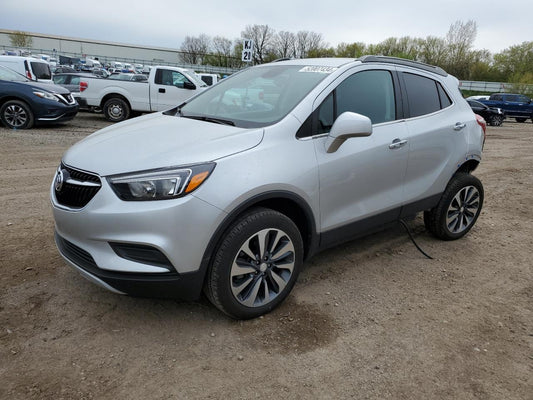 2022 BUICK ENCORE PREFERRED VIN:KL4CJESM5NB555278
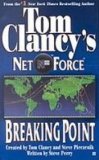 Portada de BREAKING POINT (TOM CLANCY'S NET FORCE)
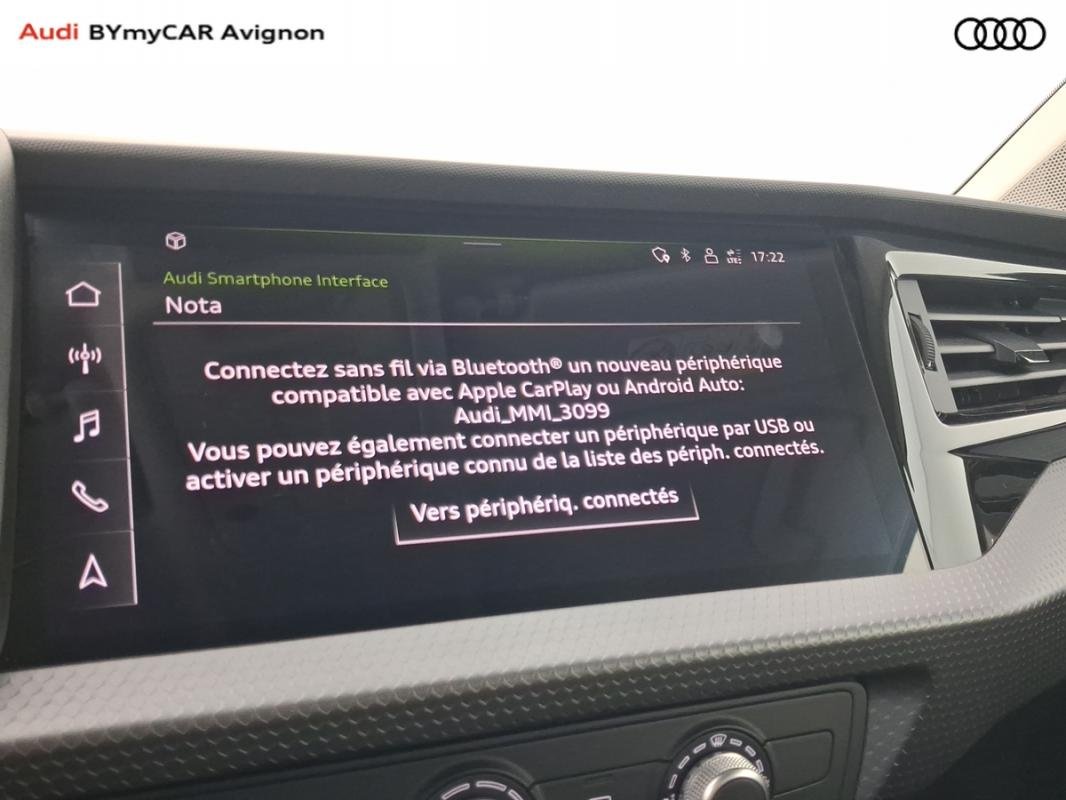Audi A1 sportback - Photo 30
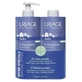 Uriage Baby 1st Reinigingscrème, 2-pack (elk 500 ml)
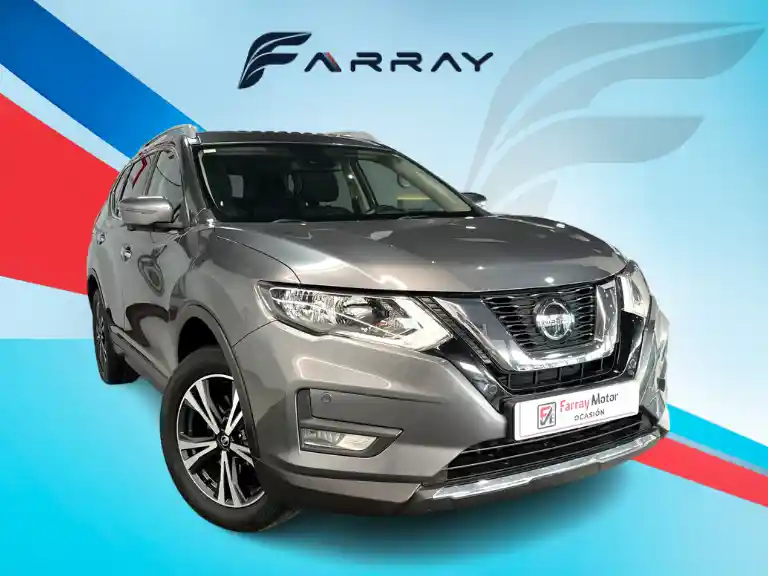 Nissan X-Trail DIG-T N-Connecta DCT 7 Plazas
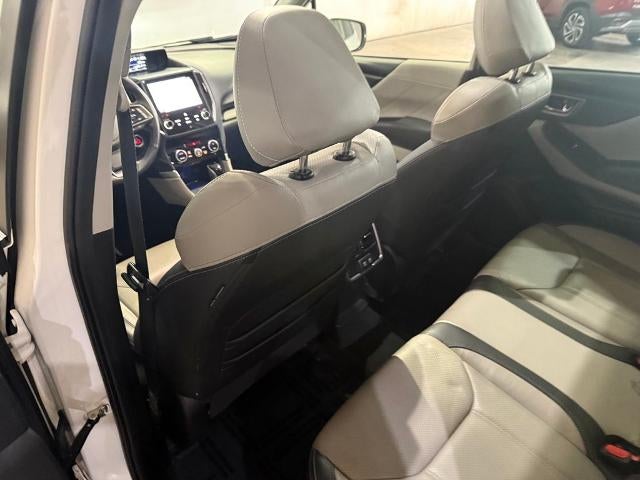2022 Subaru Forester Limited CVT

Exercise details - The whole listing should be restated word for word, with no pictures.

Final answer -
 2022 BUICK ENCORE PREFERRED VIN:KL4CJESM5NB555278
 Portada de BREAKING POINT (TOM CLANCY'S NET FORCE)
Audi A1 sportback - Photo 30
 Uriage Baby 1st Reinigingscrème, 2-pack (elk 500 ml)
 Nissan X-Trail DIG-T N-Connecta DCT 7 Plazas
2022 Subaru Forester Limited CVT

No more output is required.